● PROBLEM: Find "Pantalon large Liu Jo TA3049 Nude XS Femme" below and begin at its line; stop after the line with "Triumph T-100 Speed Twin". Output those lines exactly, without pictures.

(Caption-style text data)
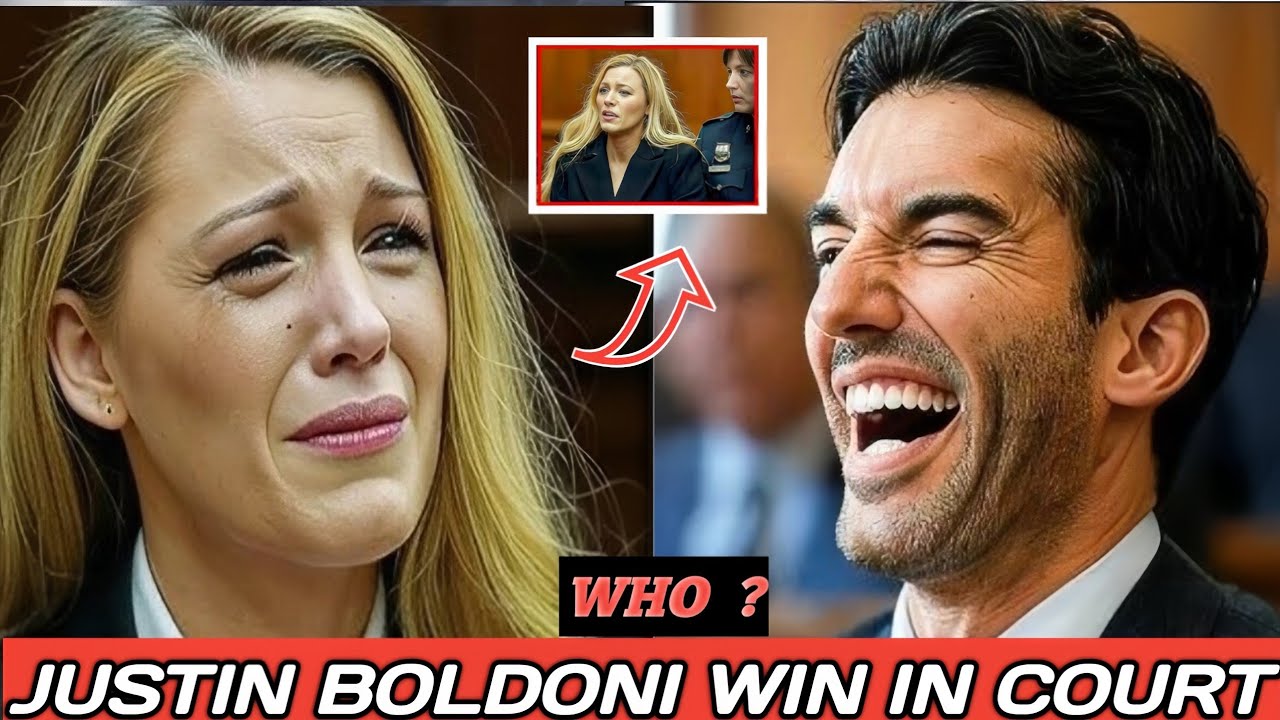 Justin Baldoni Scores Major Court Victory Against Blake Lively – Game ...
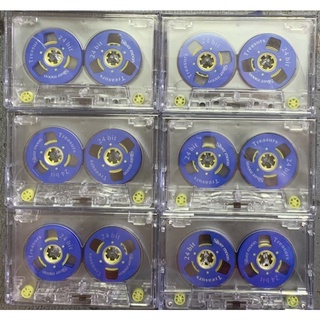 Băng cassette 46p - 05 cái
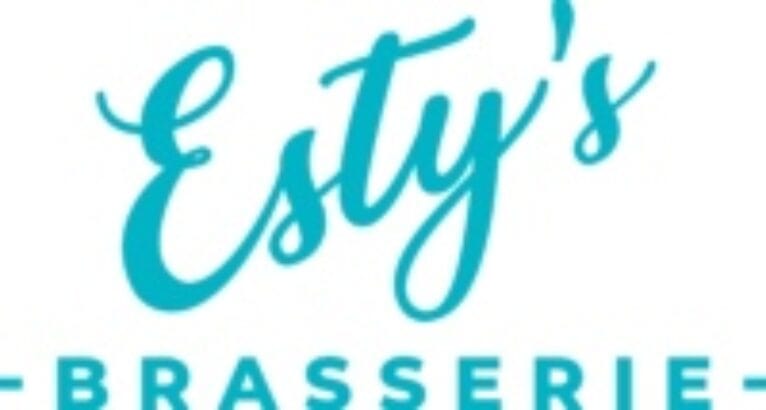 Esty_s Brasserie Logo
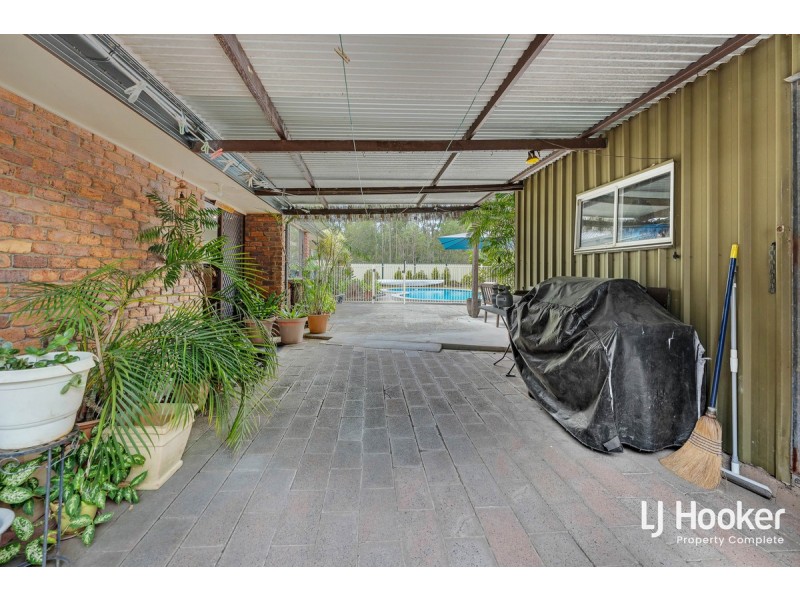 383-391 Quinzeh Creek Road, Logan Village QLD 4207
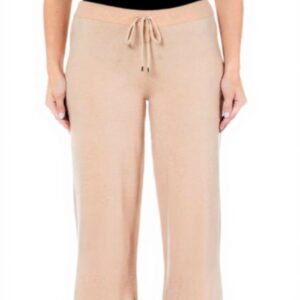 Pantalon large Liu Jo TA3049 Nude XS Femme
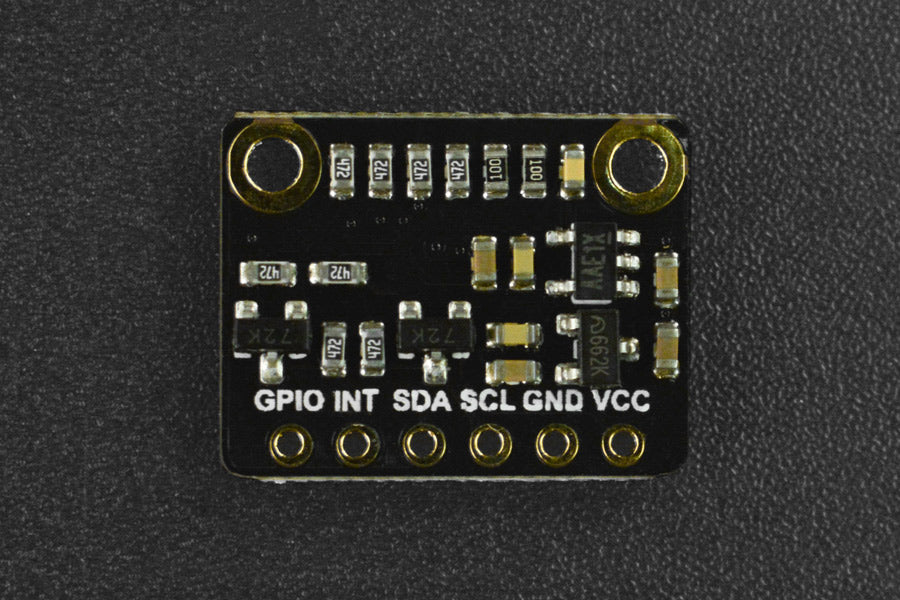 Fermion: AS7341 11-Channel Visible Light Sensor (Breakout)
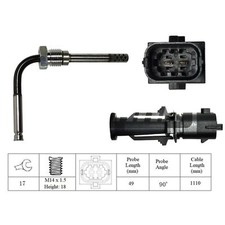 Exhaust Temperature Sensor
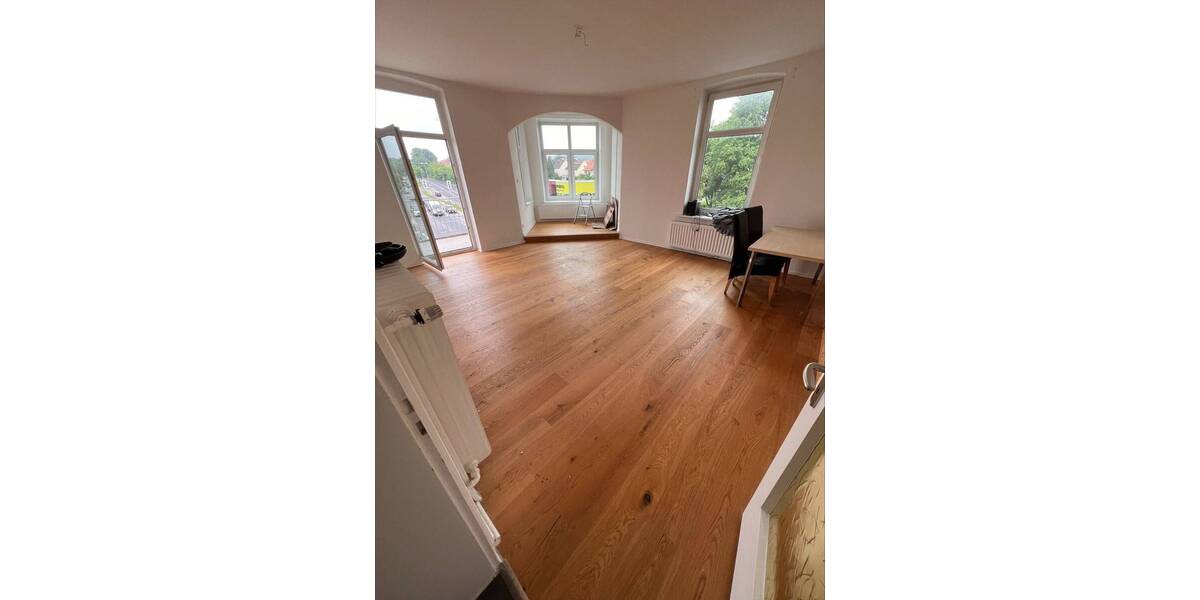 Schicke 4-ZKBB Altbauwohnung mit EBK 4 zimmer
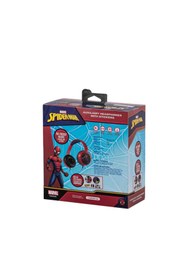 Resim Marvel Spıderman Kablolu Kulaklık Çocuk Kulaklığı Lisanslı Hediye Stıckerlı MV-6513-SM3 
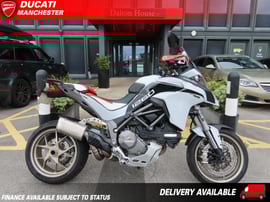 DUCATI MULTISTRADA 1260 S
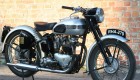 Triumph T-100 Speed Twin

...

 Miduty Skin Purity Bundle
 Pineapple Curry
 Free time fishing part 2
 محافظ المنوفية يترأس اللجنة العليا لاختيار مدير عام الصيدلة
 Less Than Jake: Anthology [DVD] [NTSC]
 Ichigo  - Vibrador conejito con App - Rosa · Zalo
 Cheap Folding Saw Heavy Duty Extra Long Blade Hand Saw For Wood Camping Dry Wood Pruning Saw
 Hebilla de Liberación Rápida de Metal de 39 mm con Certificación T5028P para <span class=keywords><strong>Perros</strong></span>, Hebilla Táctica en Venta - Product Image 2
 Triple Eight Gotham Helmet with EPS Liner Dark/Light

● TASK OUTPUT:
 Pantalon large Liu Jo TA3049 Nude XS Femme
 Fermion: AS7341 11-Channel Visible Light Sensor (Breakout)
 Exhaust Temperature Sensor
 Schicke 4-ZKBB Altbauwohnung mit EBK 4 zimmer
 Resim Marvel Spıderman Kablolu Kulaklık Çocuk Kulaklığı Lisanslı Hediye Stıckerlı MV-6513-SM3 
 DUCATI MULTISTRADA 1260 S
 Triumph T-100 Speed Twin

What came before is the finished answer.